Comment est née l’idée de fonder Avril ?
J’ai travaillé pendant 17 ans chez Auchan, où j’ai occupé de nombreux postes différents. J’ai notamment été responsable de tout le pôle “Droguerie Parfumerie Hygiène” (DPH) et c’est là que j’ai eu l’idée de créer Avril. Je constatais que la cosmétique bio se vendait peu, ce qui était paradoxal : les gens voulaient utiliser des produits bio, mais ces derniers étaient trop chers pour eux. De fait, ils se rabattaient sur les produits conventionnels. Je me suis aussi aperçu que les marques, dans la cosmétique, dépensaient beaucoup d’argent pour se faire connaître et entretenir la désirabilité. C’est ce budget marketing qui augmente le coût des produits. Ma réflexion a donc été simple : et si on supprimait ces frais publicitaires pour proposer des produits bio à un prix abordable ? L’idée a germé dans ma tête. J’ai quitté Auchan… et créé Avril. L’objectif était de rendre le bio accessible à tout le monde, grâce à un modèle économique original dans le secteur de la cosmétique.
La suite, on la connaît : Avril a connu une belle évolution depuis sa création, en 2012.
Oui.
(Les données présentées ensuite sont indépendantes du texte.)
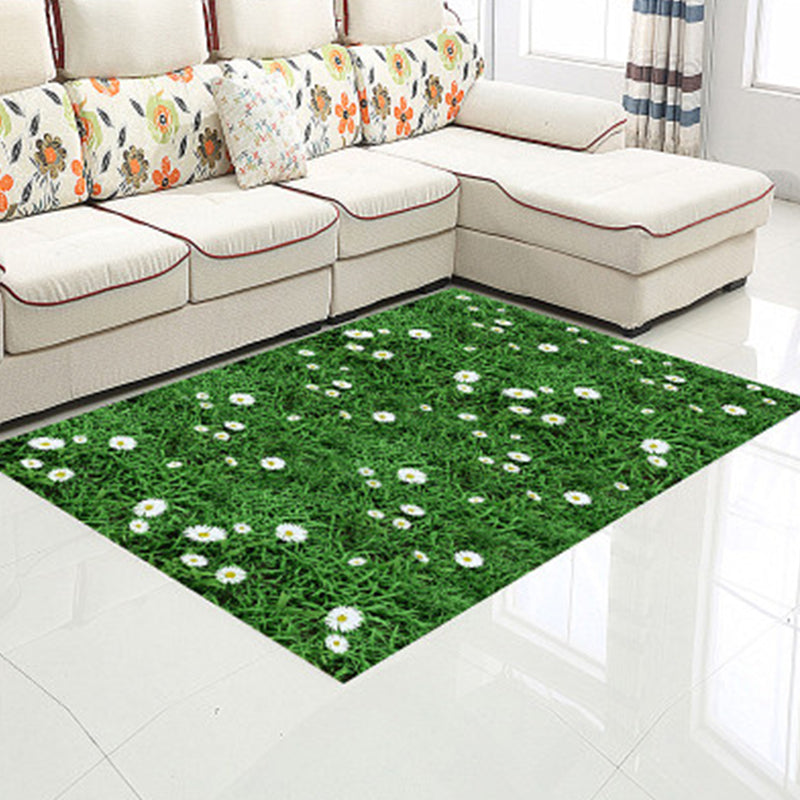 Lisslune | Funky Kids Rug Multicolor 3D Patterned Polyester Rug Washable Pet Friendly Easy Care Rug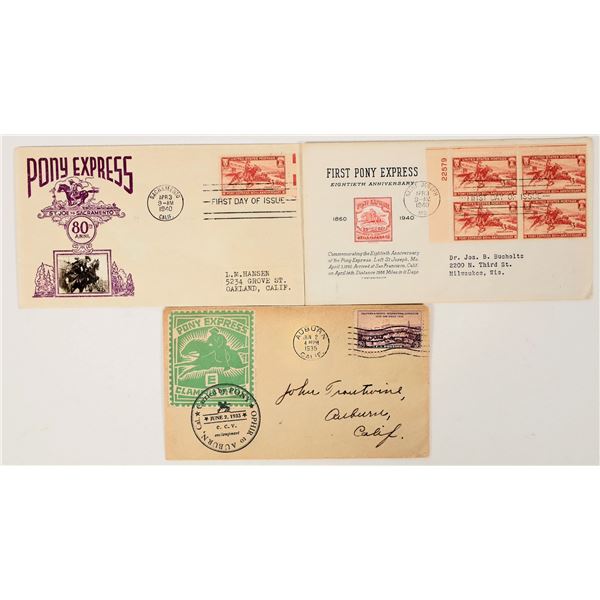 Very Rare Pony Express Letters - 3 [204249]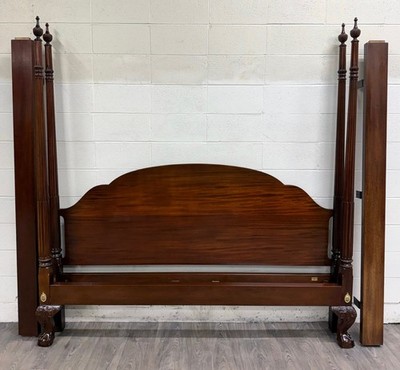 Vintage King Size Councill Craftsman Chippendale Mahogany Carved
Au début, nous avions deux canaux de distribution : notre site Internet et des revendeurs. Les débuts ont été un peu compliqués, car nous n’avions effectivement pas prévu de budget pour nous faire connaître… et ça a très bien marché, puisque nous étions vraiment totalement inconnus et ne vendions presque rien.
Il a fallu du temps – et beaucoup de bouche à oreille – pour qu’Avril se développe. Mais c’est arrivé : au bout de 4 ans, nous avons ouvert notre première boutique à Lille. En 2017, nous en avons ouvert 2 autres. Puis 4 autres en 2018. Tout s’est accéléré. Aujourd’hui, nous en avons 65, et notre gamme de produits s’est grandement étoffée. Malgré tout, ils répondent toujours au positionnement d’Avril : proposer des produits de très bonne qualité, bio, avec le moins d’emballage possible et un prix très abordable.
Quels ont été les principaux défis liés à la création d’Avril ?
Notre premier défi, ça a évidemment été de devenir rentable.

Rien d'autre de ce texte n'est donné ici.